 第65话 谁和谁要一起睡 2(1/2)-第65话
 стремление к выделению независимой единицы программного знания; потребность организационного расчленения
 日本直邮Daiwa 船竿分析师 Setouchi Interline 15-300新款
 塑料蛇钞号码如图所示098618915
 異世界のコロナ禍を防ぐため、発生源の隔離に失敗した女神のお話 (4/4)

- - - - - - -

_WORK ITEM_
The only output should be the lines from the one containing "塑料蛇钞号码如图所示098618915" through the final line of the material above, copied exactly.

_RESULT BELOW_
 塑料蛇钞号码如图所示098618915
 異世界のコロナ禍を防ぐため、発生源の隔離に失敗した女神のお話 (4/4)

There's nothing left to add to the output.